Mahallesinin tehlikesiz sığ sularından hiç ayrılmayıp bütün hayatını o sıradanlıkla yaşamayı kabul edenler...

Veya küçük kayıklarında her gece sığ sulara dönmeyi kabullenmeyip açık denizlere açılanlar...

Birinciler çoğunlukta. Milyarlarca.

İkincilerin sayısı ise çok az.

Ama insanlık tarihinin hepimize öğrettiği bir gerçek var.

Dünyayı birinciler değil, az sayıdaki ikinciler değiştirebiliyor.

Yani, ‘farklılık adaba aykırıdır’ diye düşünmeyen insanlar.

Dün Káşifler Anıtı’nın önünde bir kere daha saygı duruşunda bulundum.

Onlar Portekizliydi.

Sayıları azdı.

Ama onlar bu sahillerden bütün insanlık adına açık denizlere çıkıyorlardı.

* * *

Lizbon cıvıl cıvıl.

Evlerin çoğunun pencerelerinden Portekiz bayrakları sallanıyor.

Billboardların çoğunda Portekiz Milli Takımı’nın fotoğrafları asılı.

Futbol, Vasco de Gama’yı bile unutturmuş.

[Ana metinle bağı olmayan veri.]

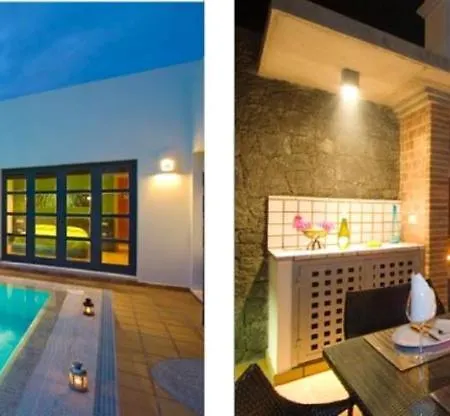 Villa: Beachside Retreat With Pool & Wi-fi *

Ama aynı sokaklar mavi-beyaz tişörtlü Yunanlılarla da dolu.

Herkes bugünü bekliyor.

Bir kere daha anlıyorum ki, futbol bölünmüş Avrupa’nın en birleştirici sosyal öğesi.

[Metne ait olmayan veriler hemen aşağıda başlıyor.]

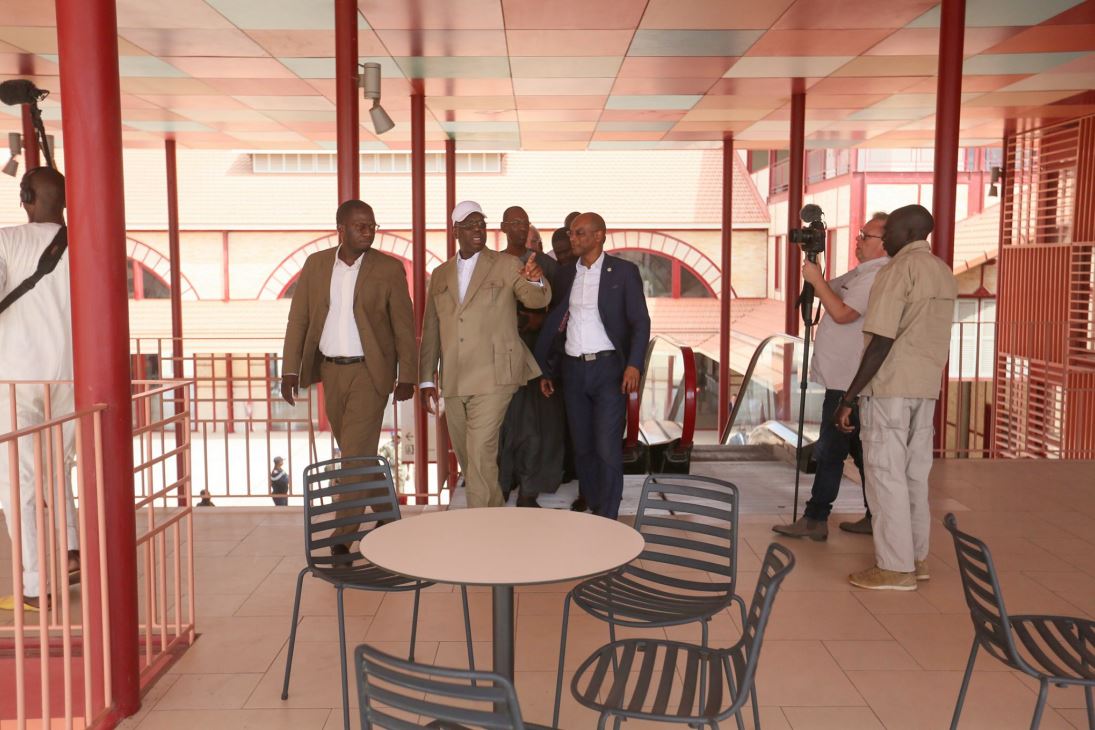 PHOTOS - TER: Visite de chantiers du Président Macky SALL PHOTOS - TER: Visite de chantiers du Président Macky SALL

Futbol, milliyetçilik duygusunu tehlikeli bölgelerden çekip daha sakin semtlere getiren çok önemli bir sosyal olgu.

İnsanlar istiklal marşlarını spor sahalarında, savaş meydanlarına göre bile çok daha arzuyla ve coşkuyla söylüyorlar.

Futbol, milliyetçiliği fanatiklerin elinden alıp herkesin ortak malı haline getiriyor.

Milliyetçilik, farklılaşmanın değil birleşmenin aracı haline geliyor.

* * *

Bir zamanlar futbola ‘kitlelerin afyonu’ diyen zihniyeti hatırlıyorum.

Onlardan aramızda hálá var.

İnanmış fanatikler, hálá futbolu, siyaseti ortadan kaldıran bir uyku ilacı gibi görmeye devam ediyorlar.

Oysa uyuyan onlar.

Uyanan ve hiç uyumamış olanlar ise ta başından beri futbolun güzelliğini ve önemini keşfeden insanlardır.

Tıpkı Káşifler Anıtı’nın üzerinde heykeli bulunan o insanlar gibi.